Image-text web data

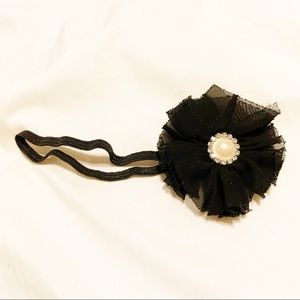 NWOT black chiffon flower headband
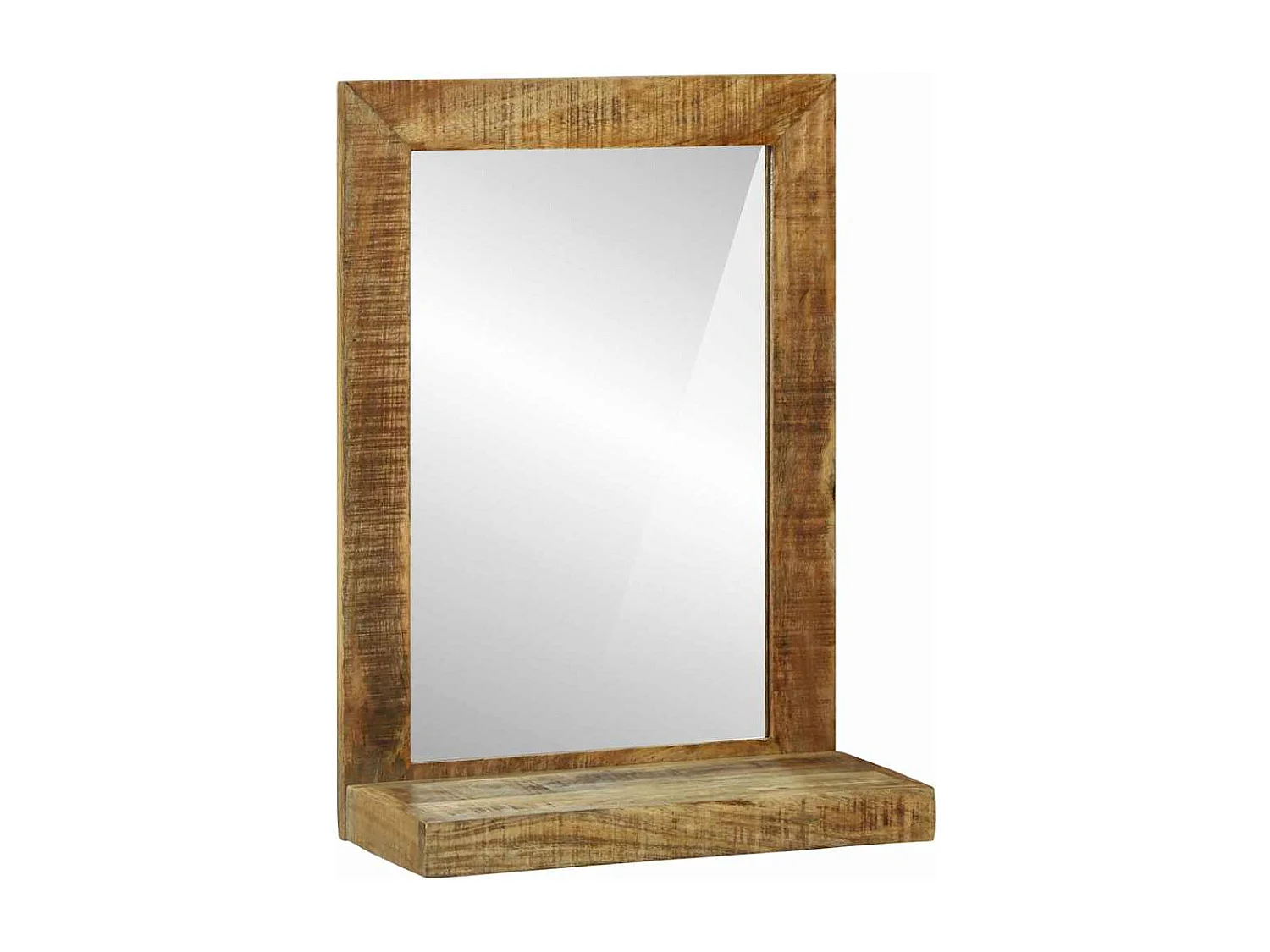 Specchio da bagno in legno massello e grezzo di mango marrone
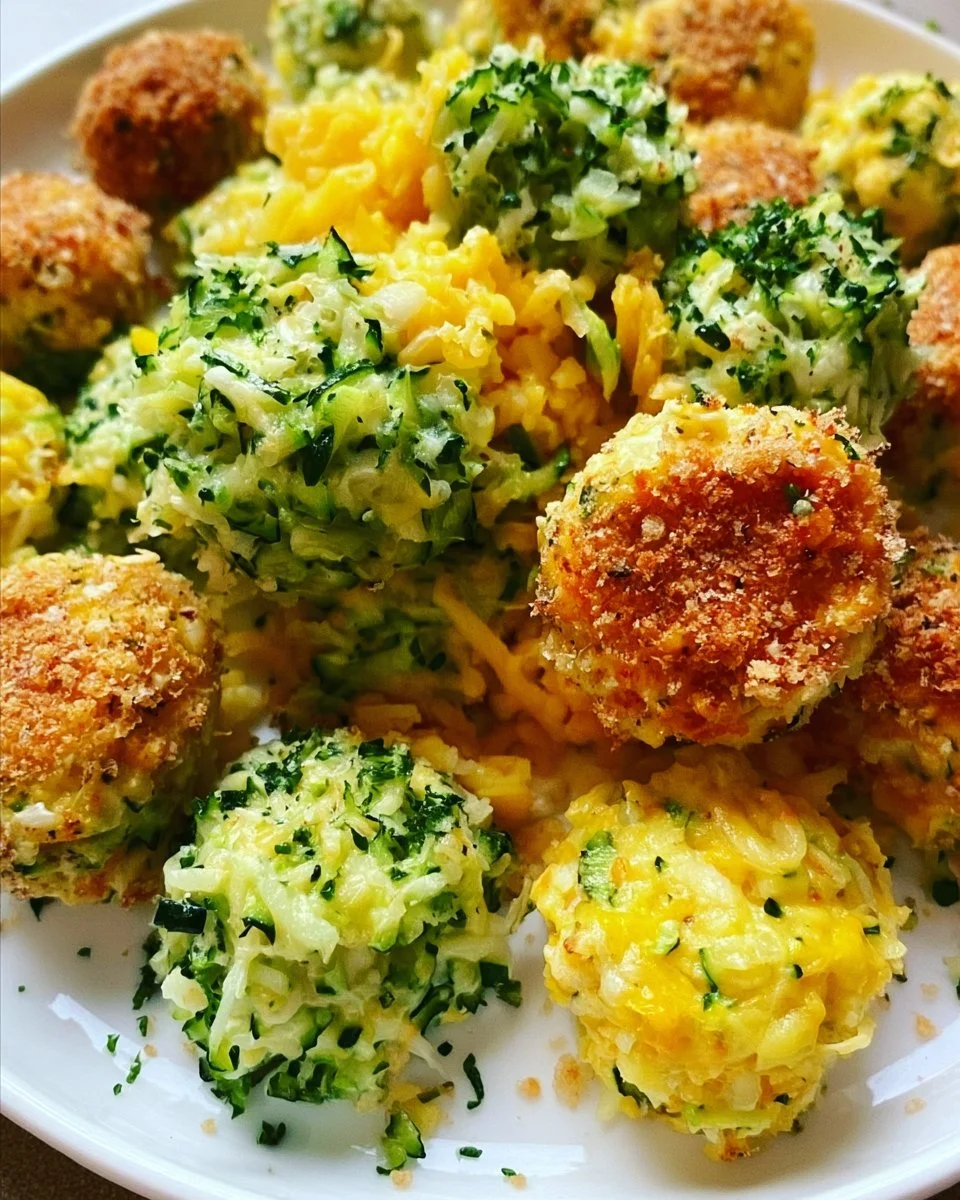 Cheesy zucchini tots served on a plate, golden brown and crispy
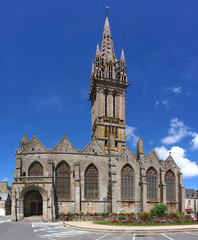 Gothic church of Notre-Dame du Kreisker with its high steeple in Saint Pol de Léon, France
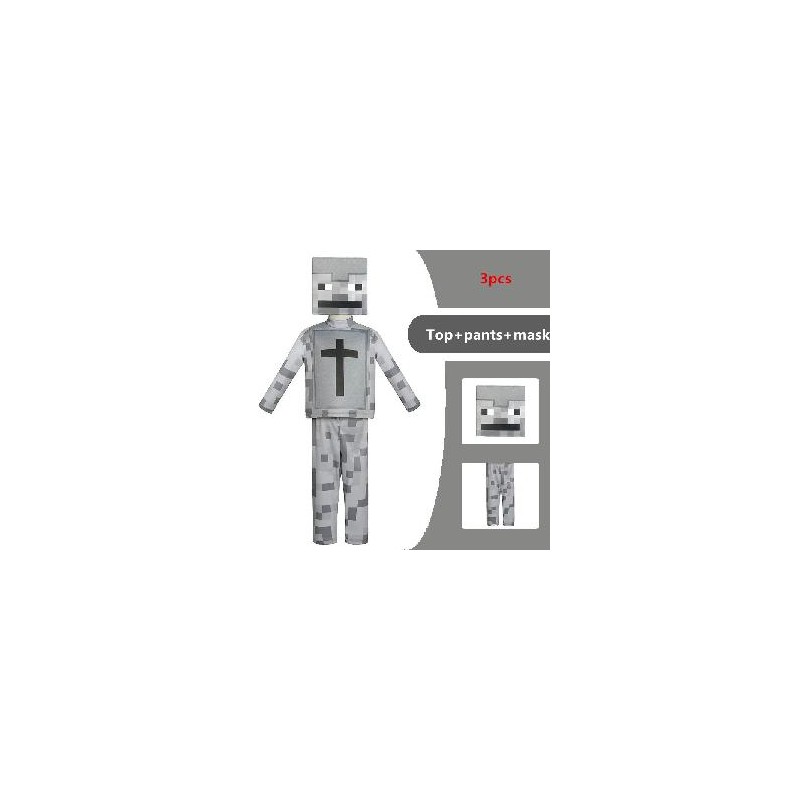 -DISFRAZ MINECRAFT 11-14 GRIS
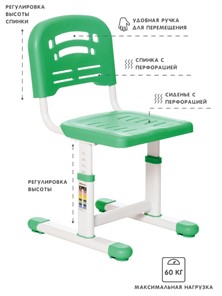 Растущая парта и растущий стул SET HOLTO-17А, зеленый в Заводоуковске - предосмотр 4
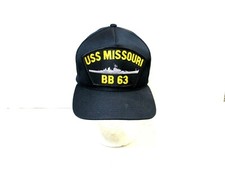 USS Missouri BB 63 Black Hat Cap Snapback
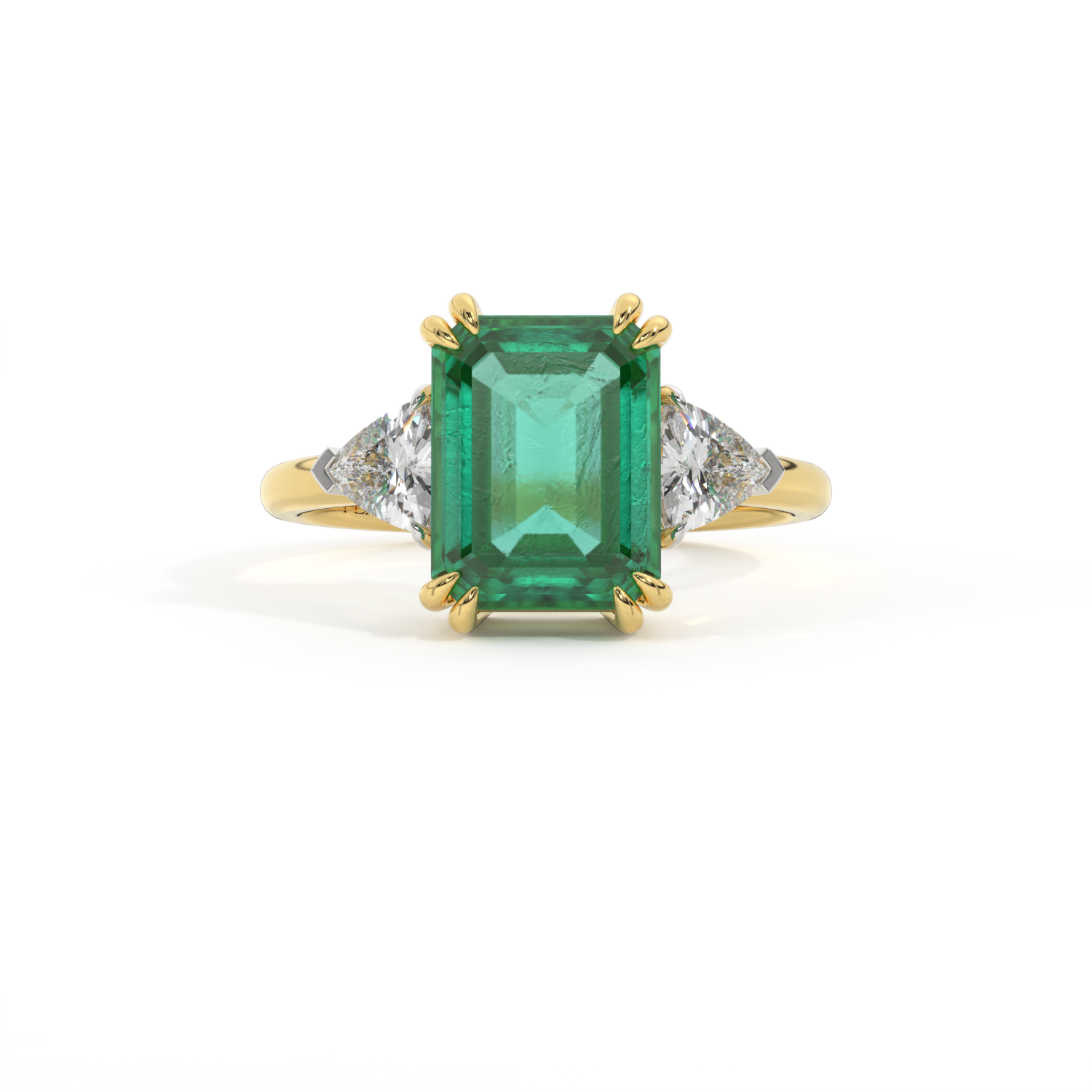 Trilogy Emerald Emerald 18K Yellow Gold Ring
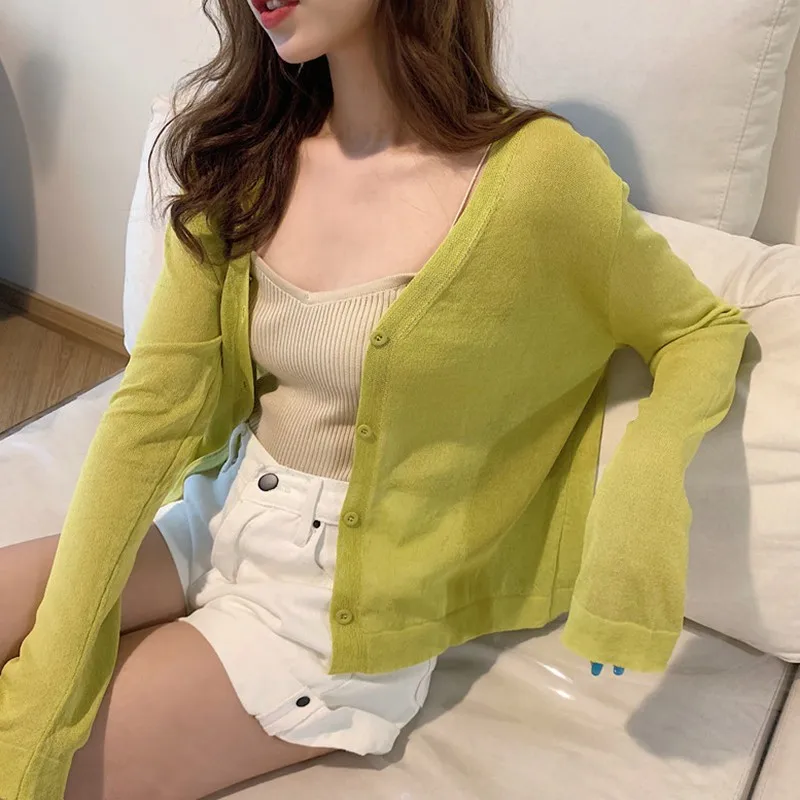 Solid Color Knitted for Women Cardigan Korean Long Sleeve Jumper Female Round Neck Basic Sunscreen Cropped Cardigan Outwear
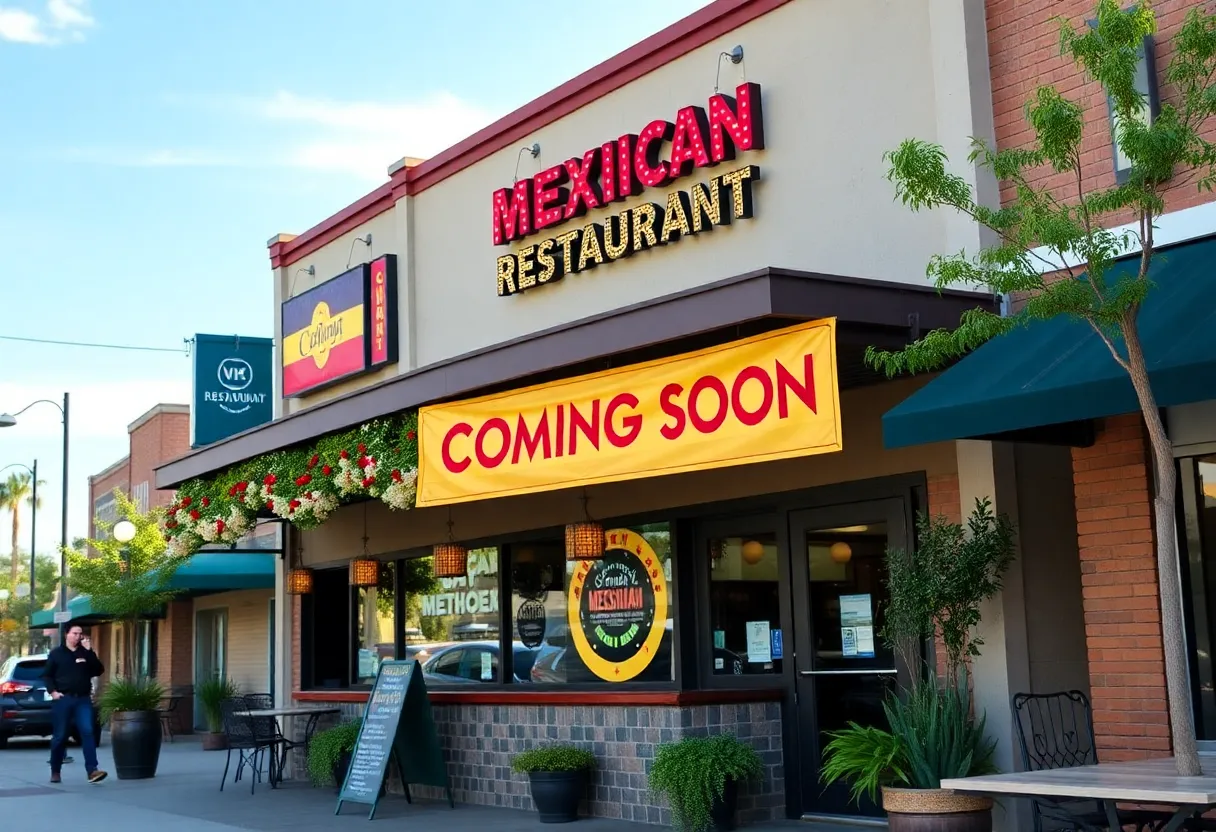 New La Fogata restaurant exterior with a banner at Lake Murray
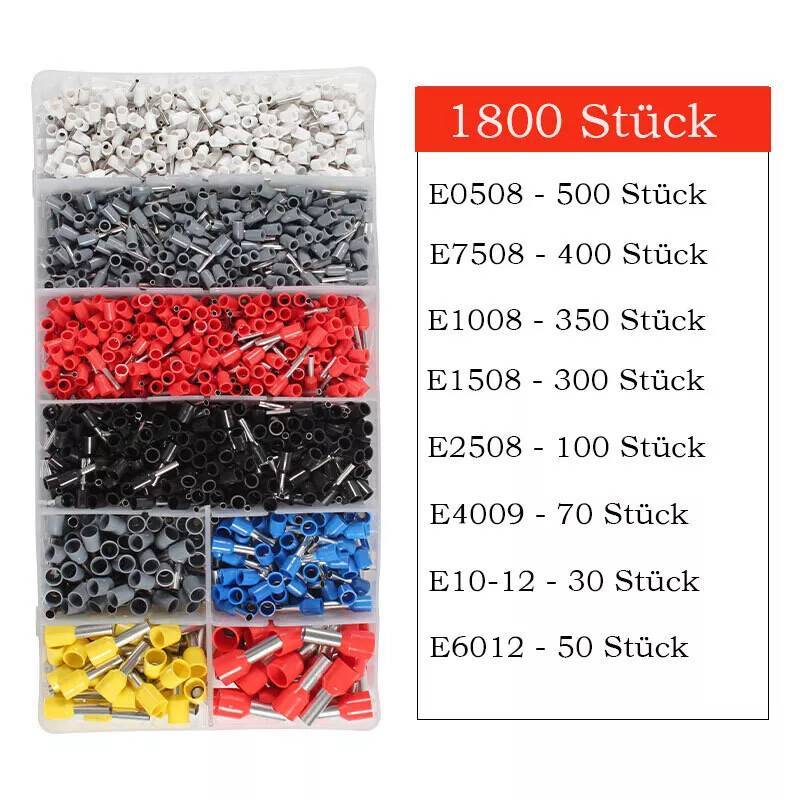 Crimping Pliers Ferrules Pliers 1800 Pieces Set Cable Lugs Crimping Pliers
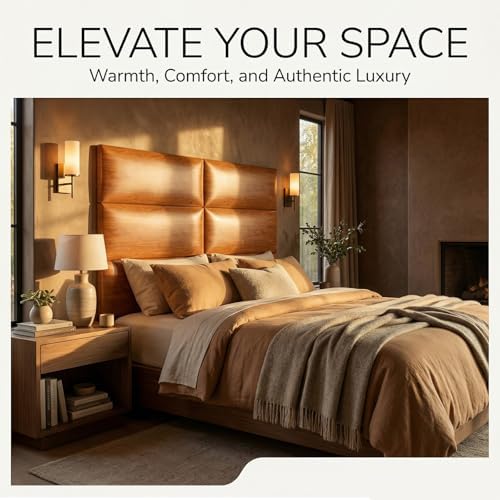 Xuhal 94.48 x 29.52 in Peel and Stick King Headboard, 12 Panels, Oak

Problem: Copy exactly the lines from the one containing "Растущая парта и" through the final line of the records above, both included, and leave out any pictures.

Written response:
 Растущая парта и растущий стул SET HOLTO-17А, зеленый в Заводоуковске - предосмотр 4
 USS Missouri BB 63 Black Hat Cap Snapback
 Trilogy Emerald Emerald 18K Yellow Gold Ring
 Solid Color Knitted for Women Cardigan Korean Long Sleeve Jumper Female Round Neck Basic Sunscreen Cropped Cardigan Outwear
 New La Fogata restaurant exterior with a banner at Lake Murray
 Crimping Pliers Ferrules Pliers 1800 Pieces Set Cable Lugs Crimping Pliers
 Xuhal 94.48 x 29.52 in Peel and Stick King Headboard, 12 Panels, Oak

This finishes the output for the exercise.